Текст: Андрей Бычков

Фотография из архива автора

Писатель Андрей Бычков рассказывает об адепте Великого Обмана Юрии Мамлееве и нашей тоске по Абсолютному и Божественному.

Он часто говорил о смерти. Удивлялся ей, пытался разгадать. В отзвуках этих мыслей и Федор Соннов, и Анатолий Падов — главные герои его «Шатунов»; за ними Глубев с ранней мамлеевской религией высшего «Я», рядом куротруп Андрей Никитич, пародия на православного христианина. «Шатуны» — бессмертный роман, как «Преступление и наказание». Но «Шатуны» и более того — оправдание преступлению. На это мало, кто способен. На это может поднять руку только Художник.

Мамлеев явился на сцену вовремя. Когда стало вдруг ясно, что мы не можем понять этот мир, и что никакая философия и метафизика нам не поможет, ни Хайдеггер, ни даже и Рене Генон, Мамлеев вдруг вызывает из небытия поэтический, художественный образ метафизики в действии. Он словно бы догадывается, что если нельзя напрямую использовать схоластические метафизические наработки прошлого, то это еще можно «продлить» и даже «преодолеть» в языке. И со всей мощью своего оригинального дара он показывает нам эти метафизические силы, которые, превозмогая эту реальность, откровенно хохочут над всеми нашими о ней представлениями — как в плане моральном, так даже и в символическом. Мамлеев показывает нам то, что нельзя доказать. Он способен найти адекватный веселый язык. Его гений в том, что он еще раз, вслед за классиками говорит нам о том, насколько глубоко, насколько неотъемлемо эти метафизические силы связаны именно с искусством; он еще раз напоминает о том, что образ гораздо глубже и действеннее любой мысли. Есть некое, присущее философам заблуждение, что именно мысль ведет «в глубину», а образ располагается «на поверхности». Увы, мысль скована световым логическим законом, и издревле она является наипервейшим оружием воина и охотника, посылающих стрелу. И в этом ее предназначение. Образ же ведет в темноту, в наше непонимание вещей, в отказ от понимания во имя преклонения перед богами. Образ — порождение ночи, темного бесконечного пространства между звезд, где только и возможны их предсказания, где еще нет неумолимого в своей бесстрастности солнечного света, того, что определяет очертания нашего дневного «твердого» мира.
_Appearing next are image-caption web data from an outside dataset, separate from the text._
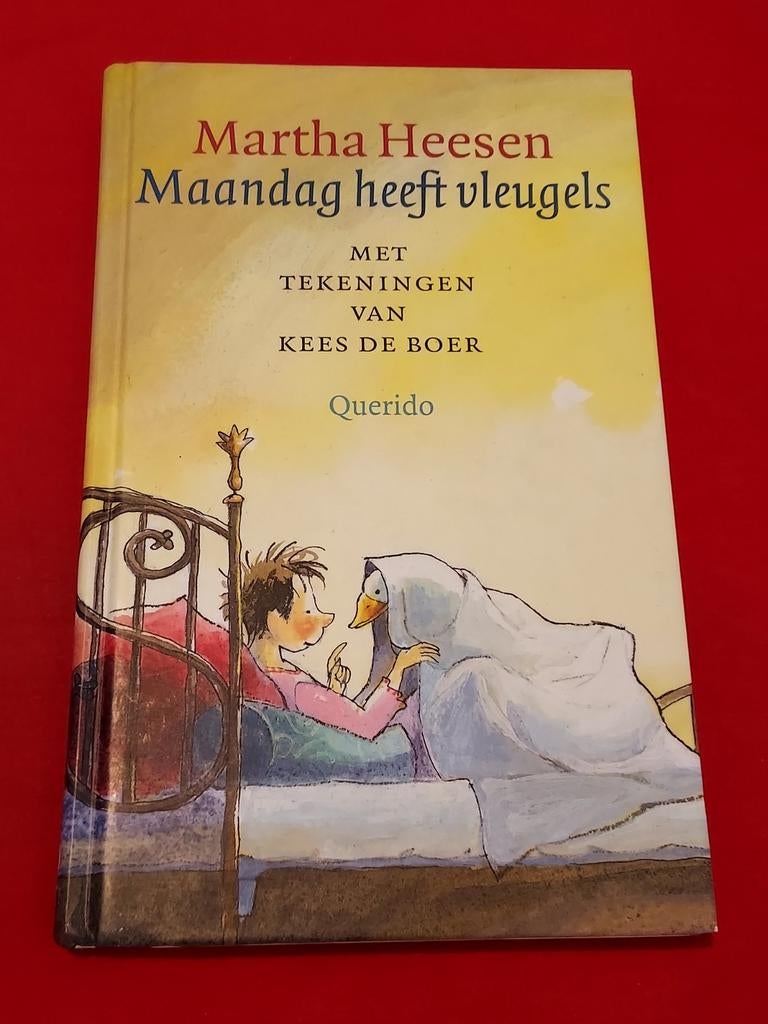 GESIGNEERD Maandag heeft vleugels. Martha Heesen., Ophalen of Verzenden, Zo goed als nieuw, Fictie algemeen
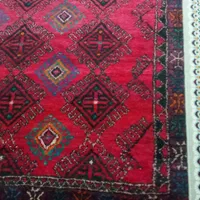 یک عدد قالی دستباف
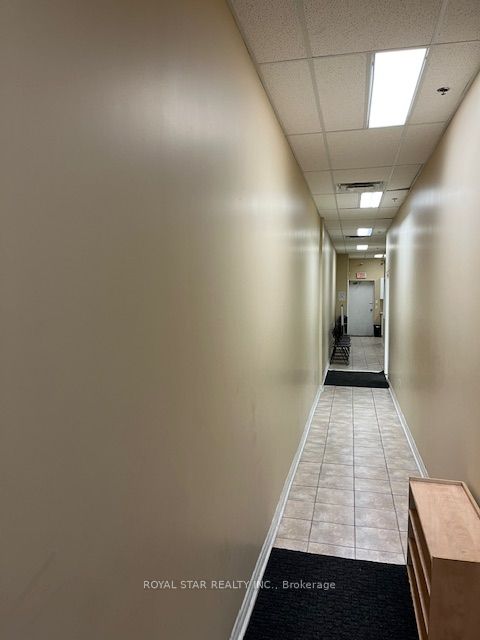 1098 Peter Robertson Blvd Property Photo 1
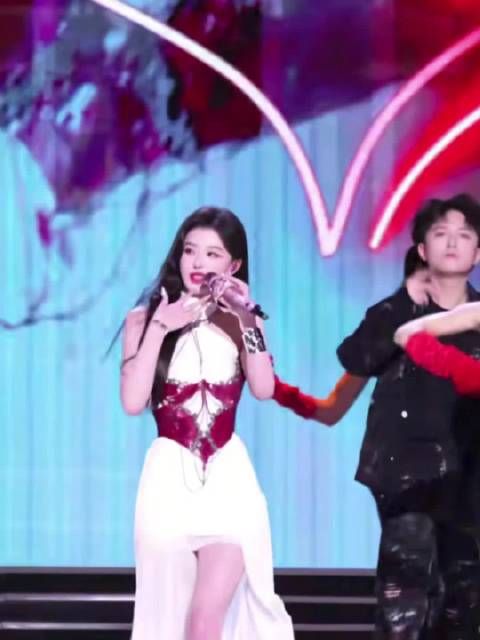 孔雪儿《work it》舞台夯爆了！直拍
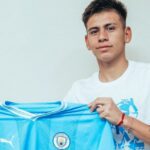 Echeverri com a camisa do Manchester City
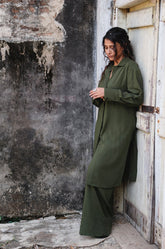 RELAXED LONG SLEEVE SHIRT - DARK GREEN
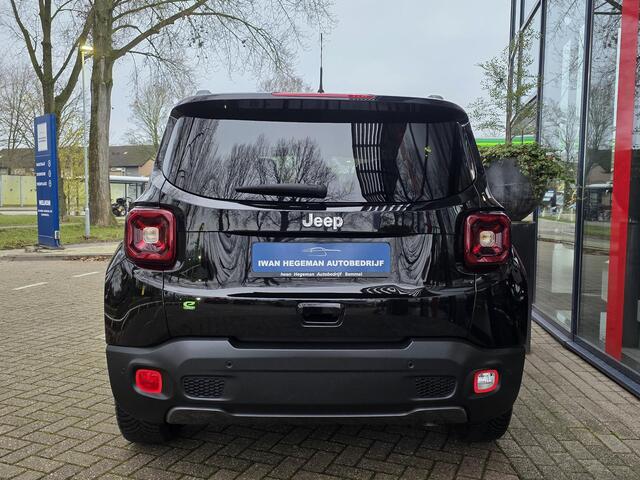 Jeep RENEGADE 1.5T e-Hybrid | ECC | PDC | LM velgen | Navigatie | Cruise control |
Образ иллюзорен, он может создавать и новые созвездия, по-новому выбранные из старых звезд. Что образу расстояния? Он может сравнить все со всем. Он ближе к ничто истины, он способен выдавать себя за любое ее нечто. Образ, прежде всего, — Великий Обманщик. И Мамлеев — адепт Великого Обмана. Это не принижение его роли, а, напротив, — дань признания. Он был адептом метафизической игры, он был метафизический игрок. Это была очень опасная игра, за которую некоторые платят и безумием, достаточно вспомнить Гёльдерлина, Ницше. Но Мамлеев рискнул и... сыграл. Роль метафизического художника и артиста превозмогает любую роль философа.

На эту бездарную безбожную сцену под названием «современность» наш русский писатель Юрий Мамлеев вдруг выкатывает старинное артиллерийское орудие, орудие на первый взгляд бутафорное, в лучшем случае музейное, в худшем — безнадежно устаревшее (если внимательно вглядываться, как и из чего оно сделано). Но Мамлеев вдруг делает из него такой яркий, такой оглушительный, такой точный и блестящий выстрел, что попадает сразу в самую сердцевину нашей тоски — по Абсолютному и Божественному. Мамлеев наглядно показывает нам, что эта реальность — всего лишь бледная копия, что нет смысла цепляться за нее и ее превозносить. И вслед за ним, вслед за дерзновенным художником, теперь и мы имеем полное право над ней хохотать.